• [Information provided]
▼

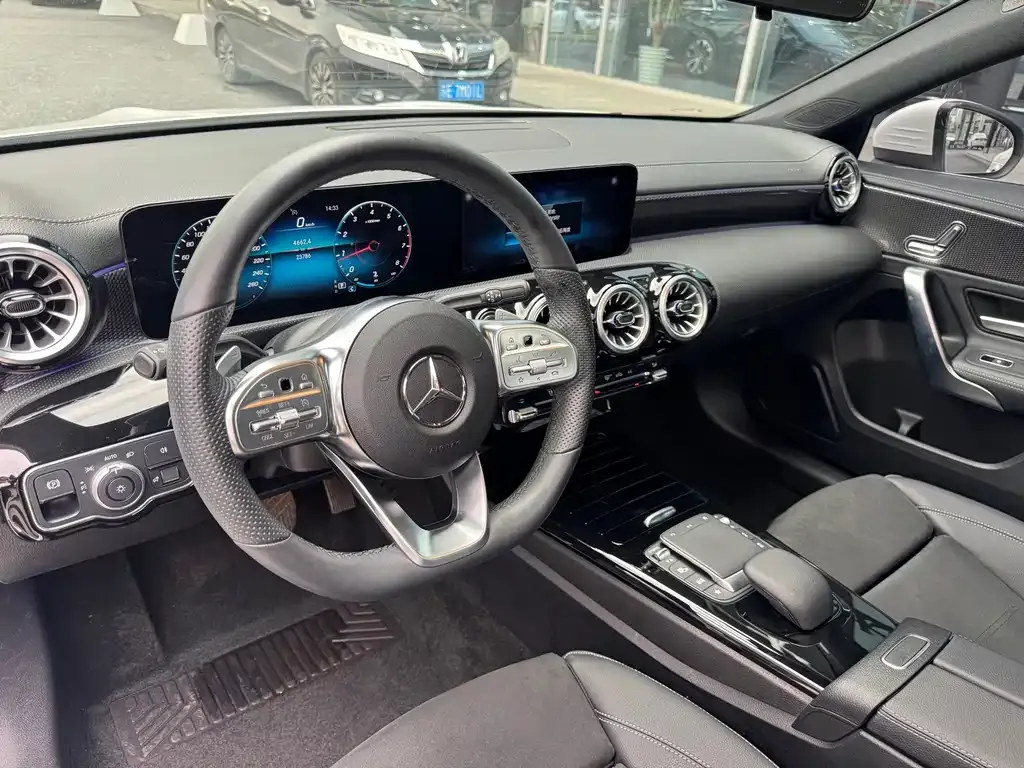 Mercedes-Benz A-Class — фото 2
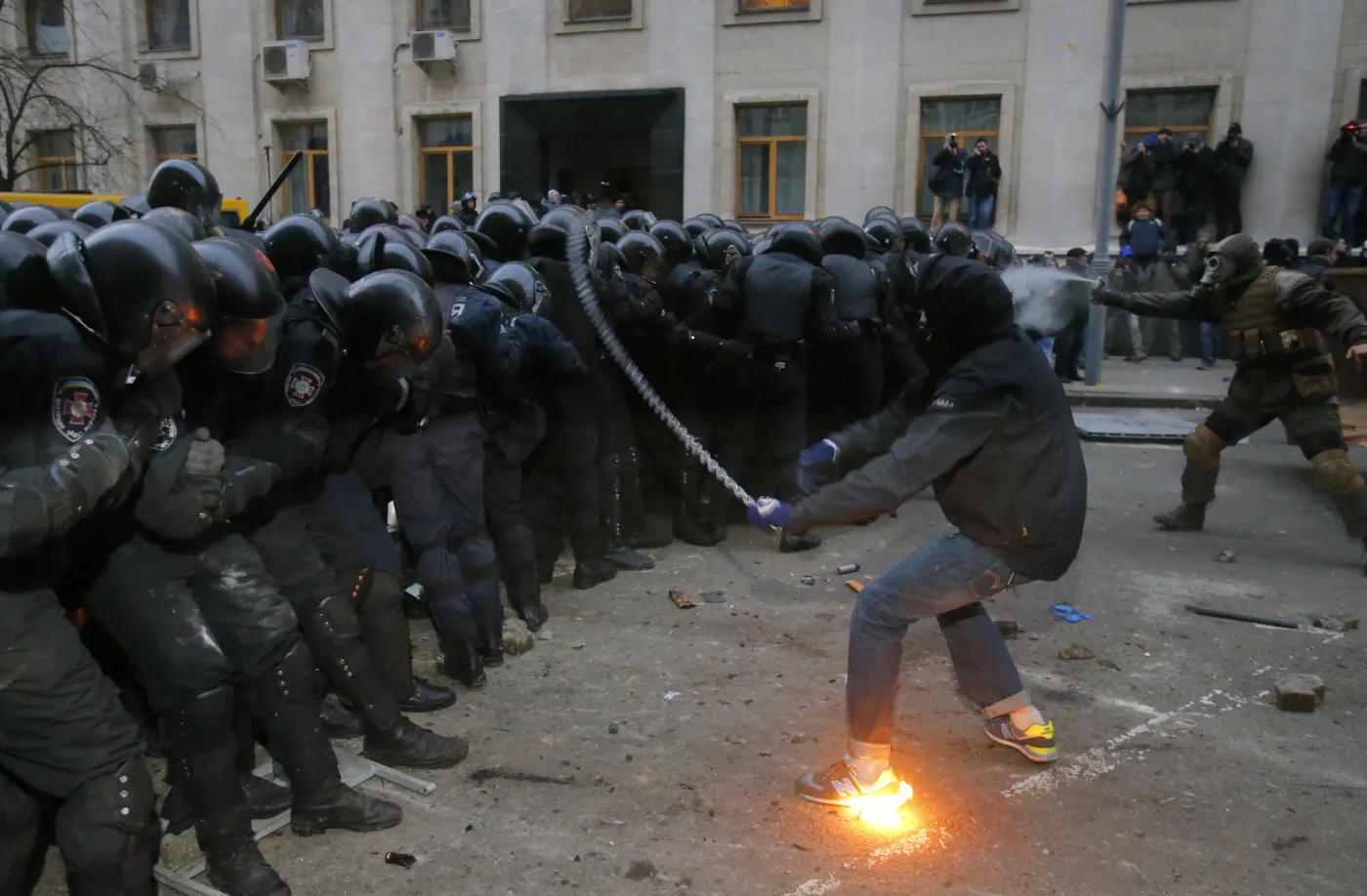 5691960-protesty-na-ukrainie.jpg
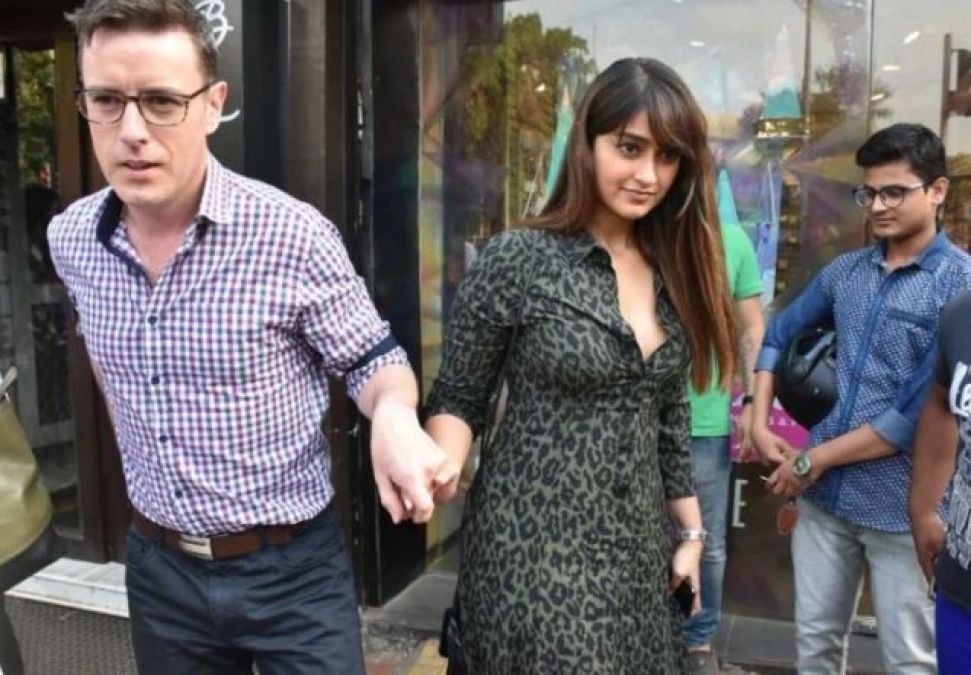 Ileana D'Cruz BREAKS UP With Boyfriend Andrew Kneebone?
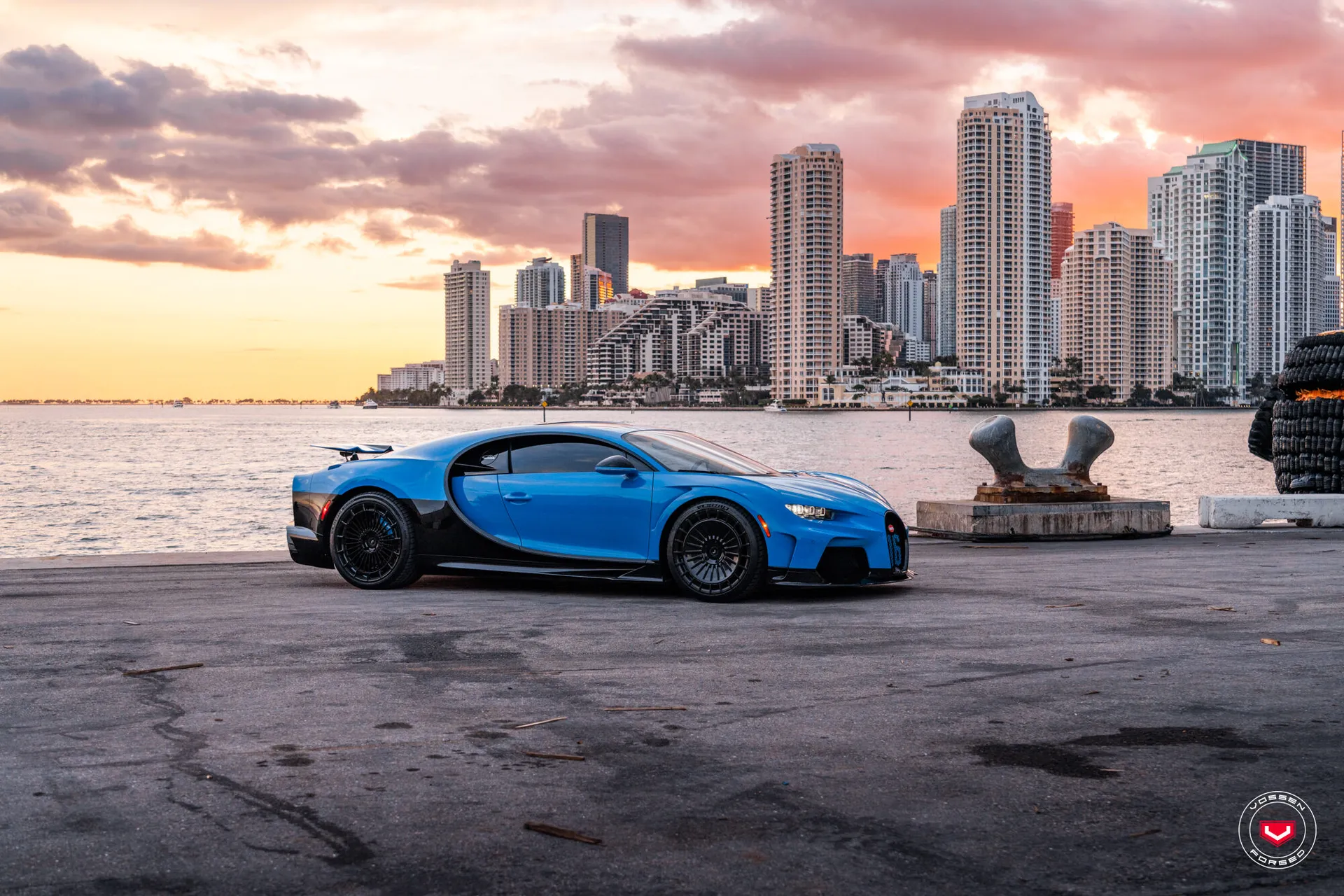 Bugatti Chiron, 7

▲

• [Work item]
Output exactly, and with no pictures, the lines from the line that holds "5691960-protesty-na-ukrainie.jpg" through the last line of the listing above.

• [Reply]
 5691960-protesty-na-ukrainie.jpg
 Ileana D'Cruz BREAKS UP With Boyfriend Andrew Kneebone?
 Bugatti Chiron, 7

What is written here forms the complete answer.